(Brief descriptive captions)
=== Begin Enclosure ===

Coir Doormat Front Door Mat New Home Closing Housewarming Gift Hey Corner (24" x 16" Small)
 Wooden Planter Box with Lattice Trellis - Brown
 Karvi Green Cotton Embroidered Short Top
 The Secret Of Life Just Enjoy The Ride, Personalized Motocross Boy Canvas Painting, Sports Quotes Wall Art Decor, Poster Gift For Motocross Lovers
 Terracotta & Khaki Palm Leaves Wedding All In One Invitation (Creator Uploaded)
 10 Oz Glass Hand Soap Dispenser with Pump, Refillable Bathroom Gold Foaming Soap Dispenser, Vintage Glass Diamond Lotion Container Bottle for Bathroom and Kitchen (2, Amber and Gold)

=== End Enclosure ===

## Task item
Provide the number of lines in these entries that hold the word "Gift", without any accompanying text.

## Problem solution
2